Ora, esta não é questão virgem. Com efeito, ela foi já objecto de ajuizamento, por exemplo, nos processos deste TSI números 739/2009, 749/2009, 841/2009,1027/2009 e 916/2009.
Com a devida vénia, a propósito de situação em tudo igual à que ora nos ocupa, transcrevamos o que diz o Ac. de 10/12, no Processo n. 749/2009:
“É inegável que como fundamento do seu pedido, alegou o A. o “contrato de prestação de serviços” que a R. celebrou com a “Sociedade de Apoio às Empresas de Macau, Lda.”, no qual consta a “cláusula 12.ª”, com base na qual invoca a R. a excepção de preterição do tribunal arbitral aqui em apreciação.
Porém, há que distinguir o seguinte:
Uma coisa é ter ou não o A. razão no que pede, em virtude das alegadas obrigações que a R. assumiu perante a dita “Sociedade de Apoio às Empresas de Macau, Lda.”, outra, é a “oposição” que a R. faz ao pedido do A. com base na dita preterição do Tribunal arbitral.
De facto, se o pedido do A. deve ou não proceder, é questão que oportunamente se verá. (…)
(…) o facto de invocar o A. o referido contrato entre a R. e a mencionada empresa “Sociedade...”, não implica que aceite o A. todo o seu clausulado, como que “confirmando” tudo o que nele consta.
(…) De facto, sendo a “convenção arbitral”, no caso, “cláusula compromissória”, um “negócio jurídico bilateral”, (desde sempre) definido como “acordo de regulamentação coordenada de interesses contrapostos” – cfr., C. Mendes, in “Direito Civil, Teoria Geral”, III, pág. 723 – nele havendo duas (ou mais) declarações de vontade, de conteúdo oposto, mas convergente, ajustando-se à comum pretensão de produzir resultado jurídico unitário, embora com um significado para cada parte, havendo, assim, “uma oferta ou proposta e uma aceitação” – cfr., M. Pinto, in “Teoria Geral do Direito Civil”, pág. 387 – inviável se nos mostra outro entendimento, pois que, como também já se entendeu, “para que haja preterição do tribunal arbitral é necessário que da interpretação da cláusula contratual resulte que as partes quiseram submeter à decisão de um árbitro o litígio em causa” –cfr., Ac. do R.P. de 14.10.94, Proc. n° 9530929) (…)
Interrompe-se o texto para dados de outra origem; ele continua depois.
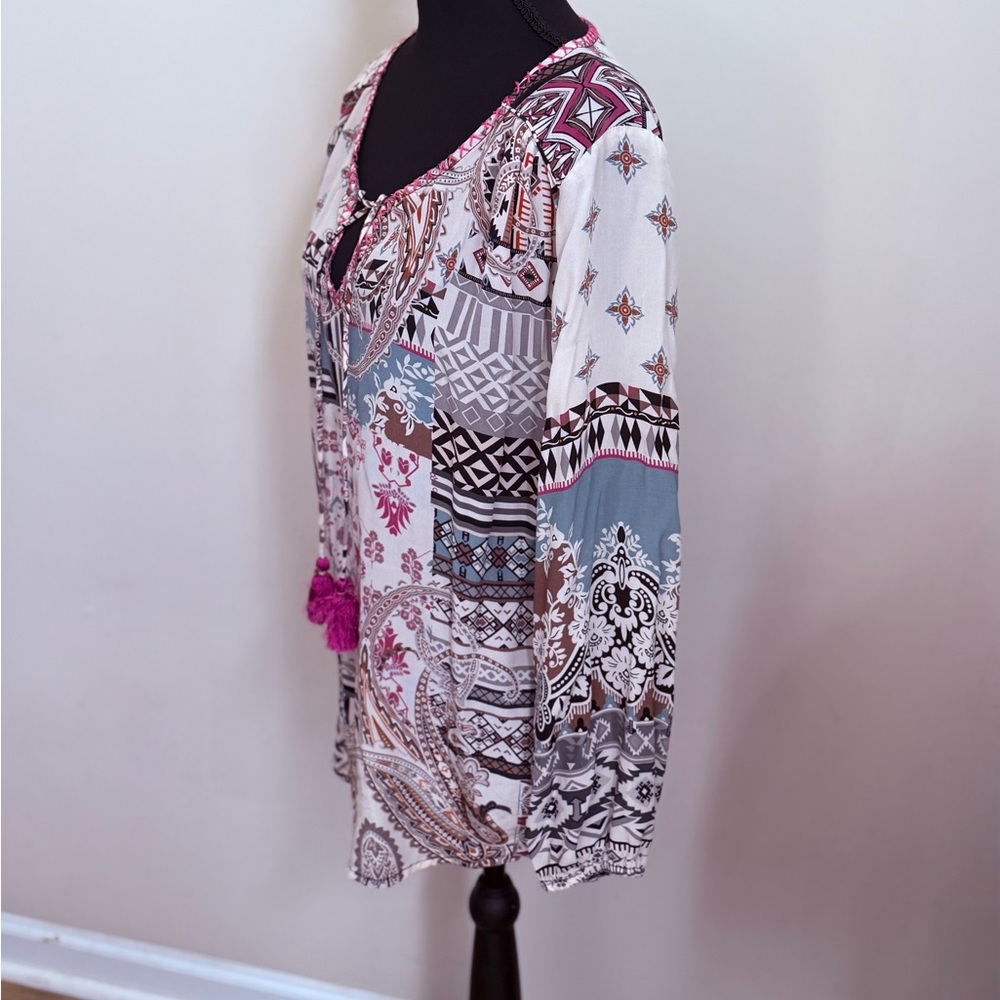 Tolani Multicolor Geometric Print Blouse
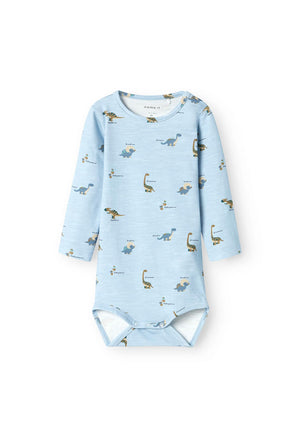 Name It Baby Boy Dinos Long Sleeve Bodysuit, Celestial Blue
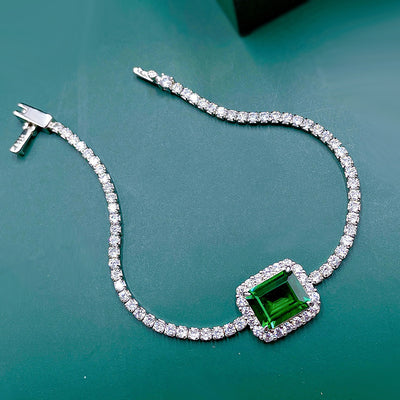 Pulsera de Plata Esterlina 925 con Esmeralda Sintética 810 - Image 12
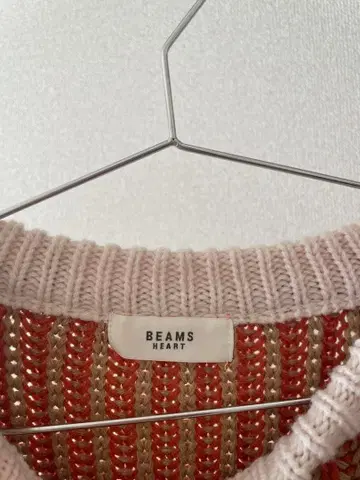 BEAMS HEART 리브 니트 오렌지 계열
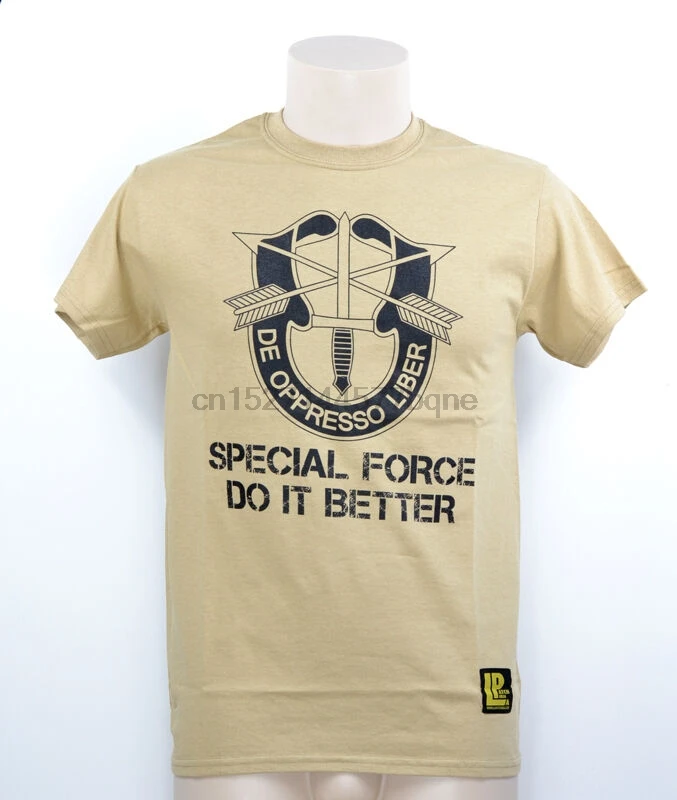 Футболка с коротким рукавом из 100% хлопка принтом Special Force do it better Tan | Мужская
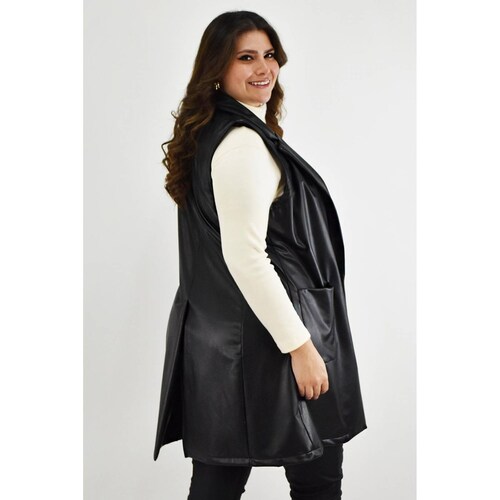 Chaleco de vinipiel Roman Fashion /Tallas Extras, 2723 (Negro) 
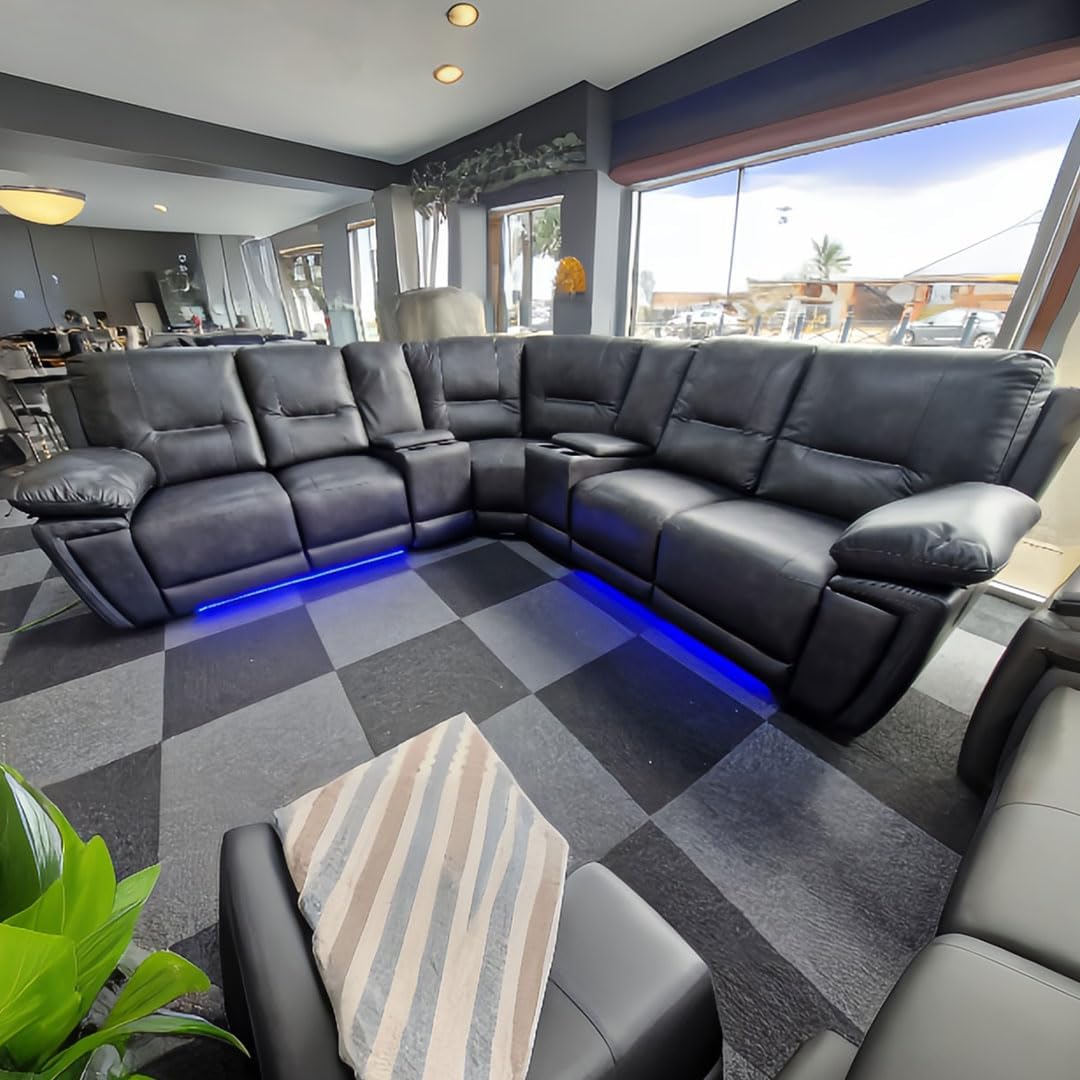 Leather Electric Recliner Sofa With Cupholders - Leather Corner Sofa - 3+2 Seater - USB Charging Ports - LED Lights - Grey(Corner)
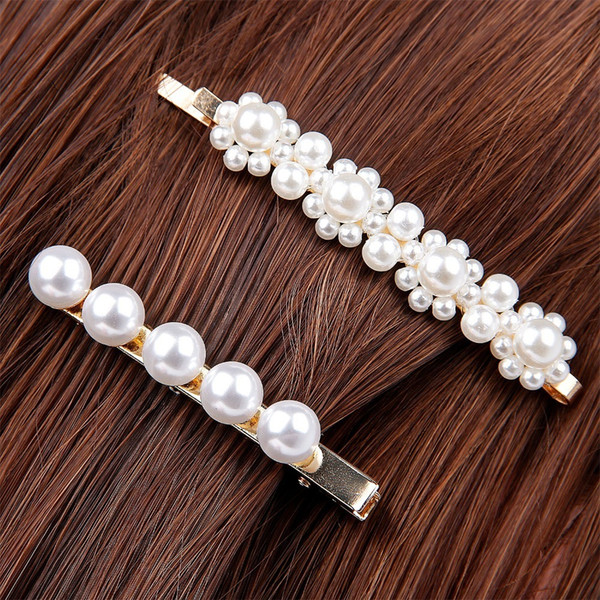 Hair Clips For Women Full Pearls Hairclip Fashion Style Metal Metal Ponytail Holder Hairpins Bb Hairgrip Girls Hair Accessories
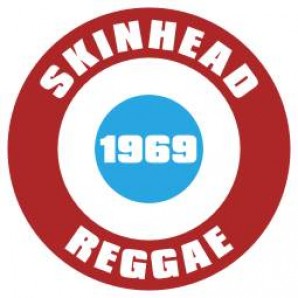 Button 'Skinhead Reggae'  weinrot/blau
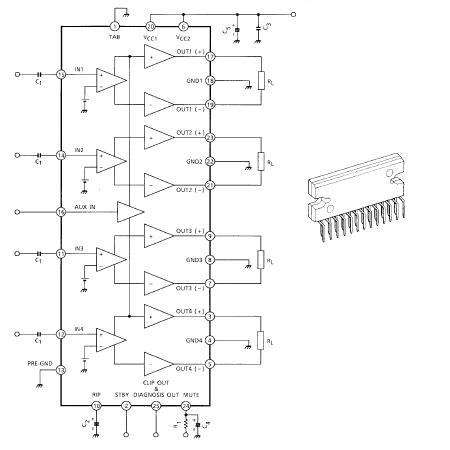 Circuite integrate - AMPLIFICATOR AUDIO 43W BTL X 4 CANALE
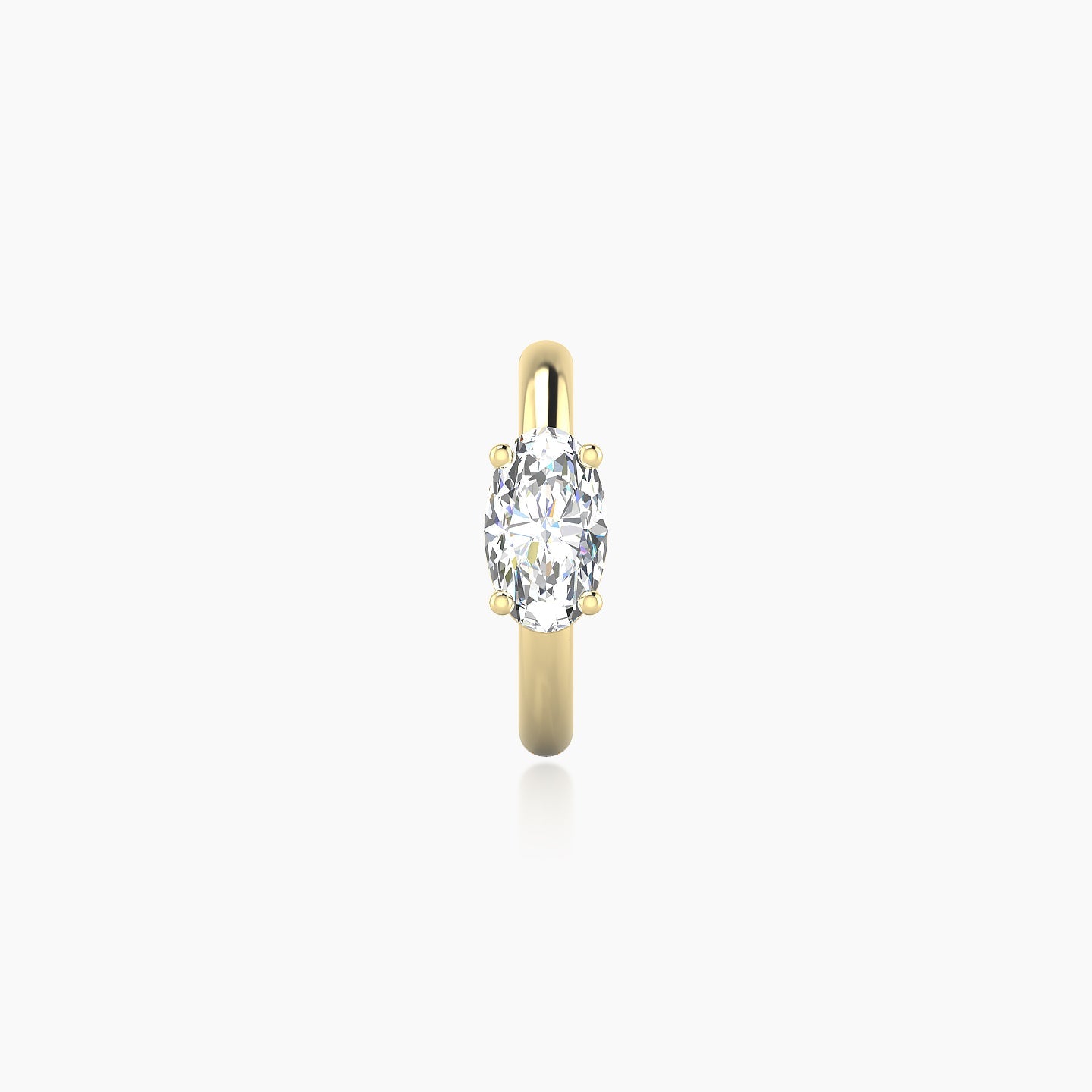 Dea | 18k Yellow Gold 8 mm Oval Diamond Nose Ring Piercing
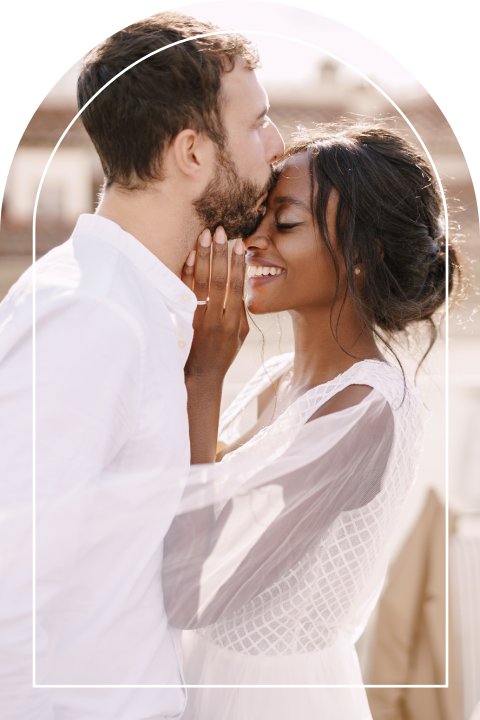 Faire-part de mariage avec photo en arche, à personnaliser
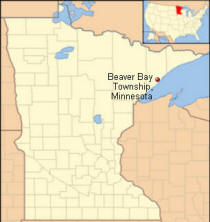 Location of Beaver Bay Township and Little Marais Minnesota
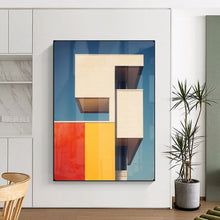 Load image into Gallery viewer, Modern Abstract Painting, Color - Blocked Architectural Art for Office & Urban - Style Living Room LargeART2173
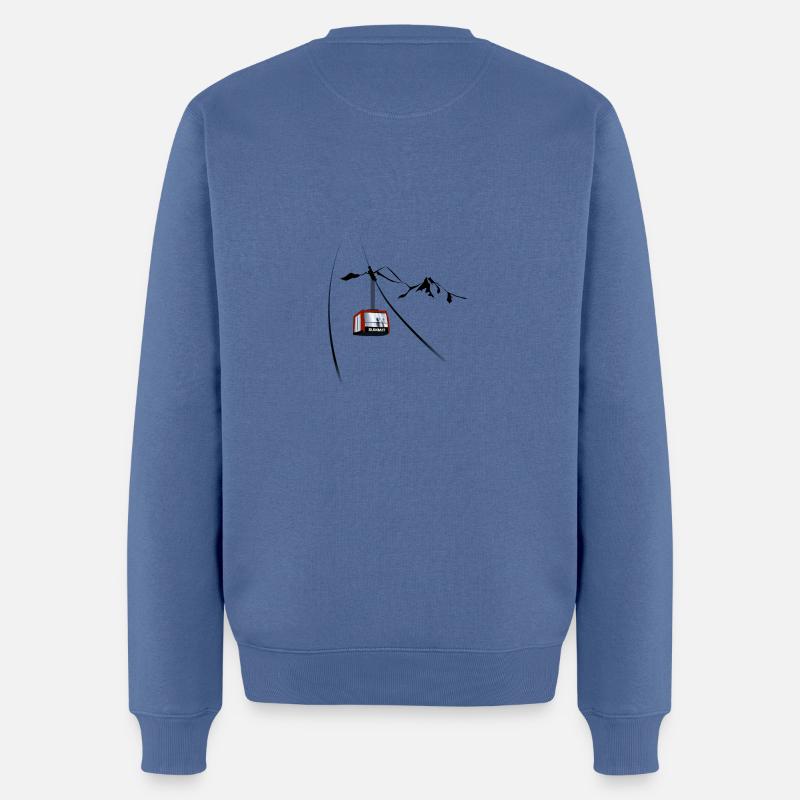 Gondelgipfel - Männer Premium Bio Pullover - Taubenblau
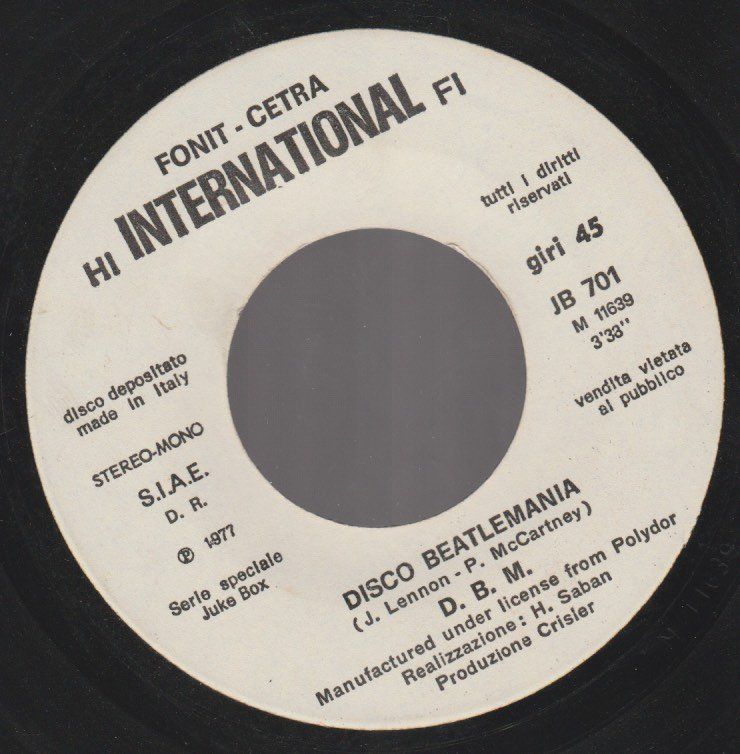 Vinyles: 7 " juke box D.B.M. / FULL SPOON DISCO BEATLEMANIA / SAD – D'occasion à Vezia par Aquarius_Age
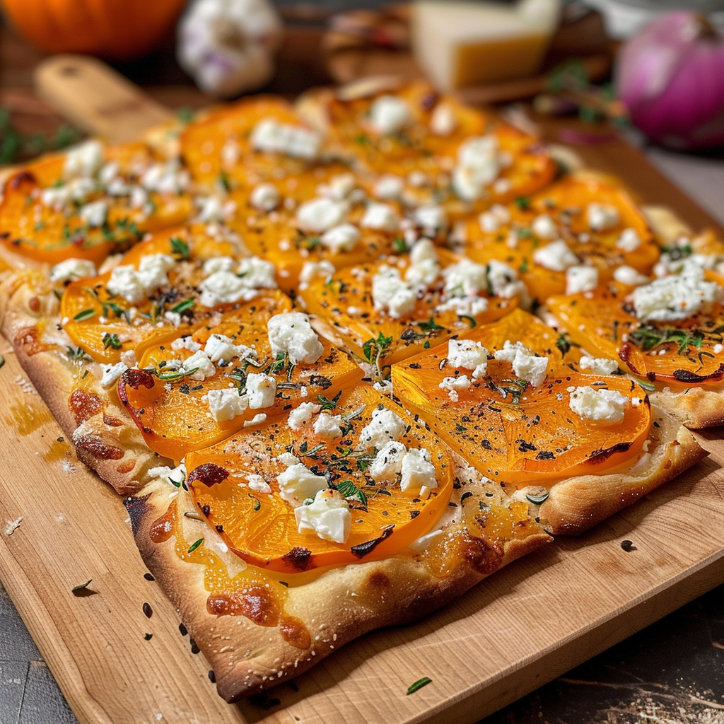 Kürbis Flammkuchen mit Feta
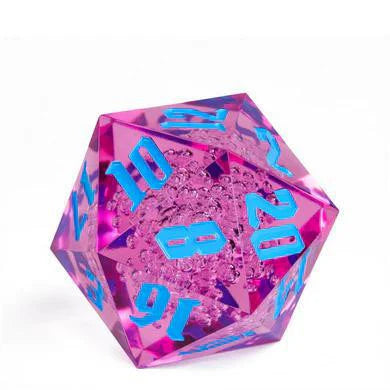 55mm Titan D20 Sharp Edge Purple Bubbles die, pink with blue numbers and purple bubbles, on a white background.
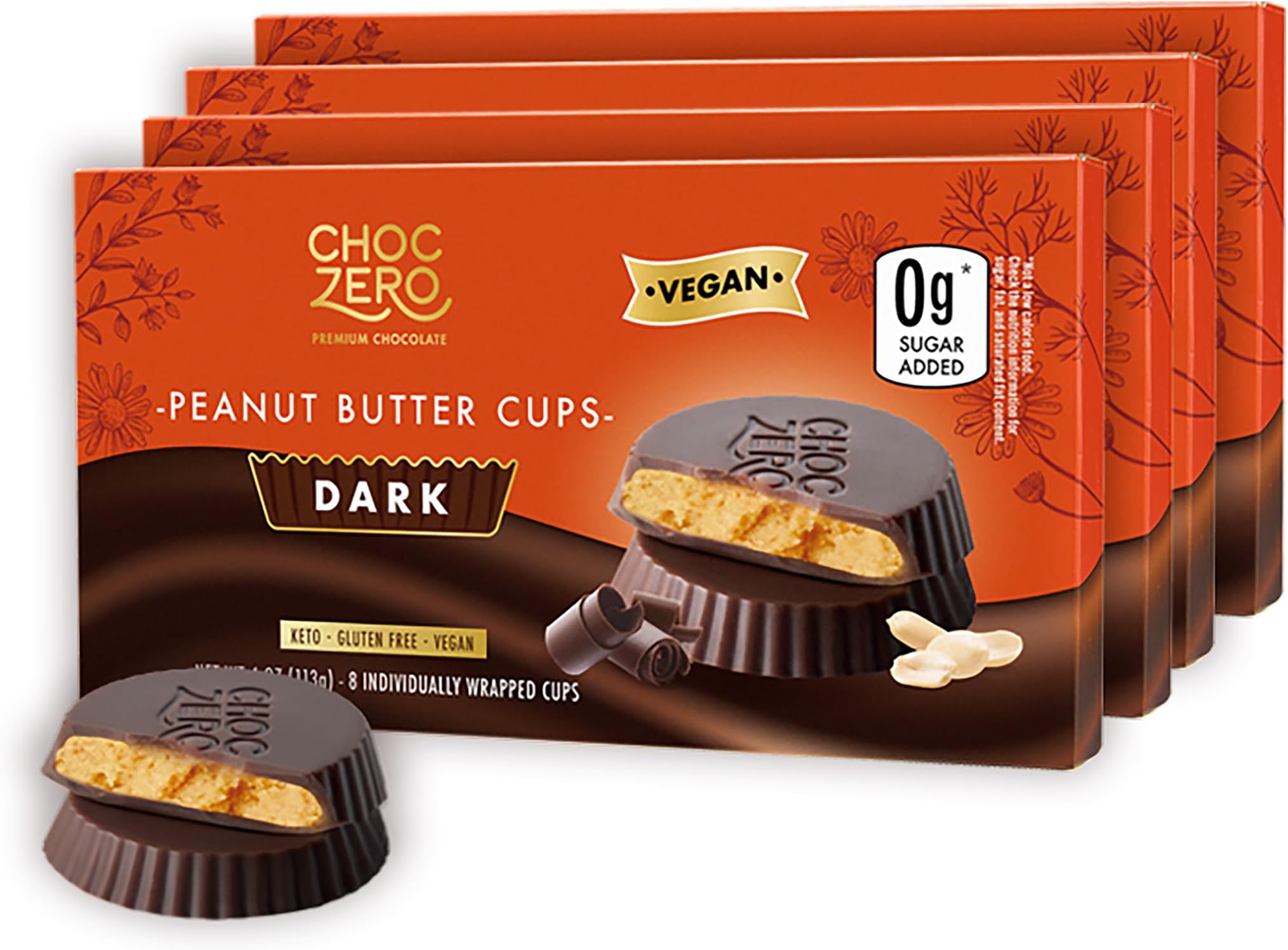 Dark Chocolate Peanut Butter Cups, Vegan, Sugar Free, Low Carb, Gluten Free, 4 Ounce (Pack of 4), 32 Cups Total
No mesmo sentido, em situação equivalente e mais recentemente, consignou-se também no Ac. do S.T.J. de 27.11.2008, Proc. n° 08B3522, que “Não é oponível ao trabalhado/autor (terceiro) a cláusula compromissória incluída em contrato de seguro celebrado entre uma determinada seguradora (promitente) e a entidade empregadora do autor (promissária), em benefício dos seus trabalhadores”, já que, “partes no contrato são apenas o promitente e o promissário”.
Neste mesmo TSI foi dito ainda, noutra ocasião, o seguinte:
“As condições de trabalho em que devem ser contratados os trabalhadores não residentes, constam do Despacho n.º 12/GM/88, de 1 de Fevereiro.
Se o «despacho da autoridade administrativa» apenas vincula a Administração e a Ré e se o «contrato de prestação de serviços» apenas vincula a Ré e a entidade fornecedora de mão-de-obra não residente, então o trabalhador é alheio quer ao despacho, quer ao contrato e deles não se pode prevalecer – a não ser que para benefício ou direito instituído a seu favor - nem por eles pode ser obrigado – nomeadamente a recorrer ao tribunal arbitral.
O «despacho de autorização administrativa» não obriga a ré a contratar com "convenção de arbitragem", uma vez que se reporta apenas às condições de trabalho, nelas se não podendo incluir a obrigatoriedade de solucionar os conflitos através do recurso ao tribunal arbitral.
Nos termos da alínea c) do n.º 9 do Despacho n.º 12/GM/88, de 1 de Fevereiro:
“(...)
3.º A autorização implica a sujeição da requerente a obrigações específicas determinadas, determinadamente, as seguintes (...).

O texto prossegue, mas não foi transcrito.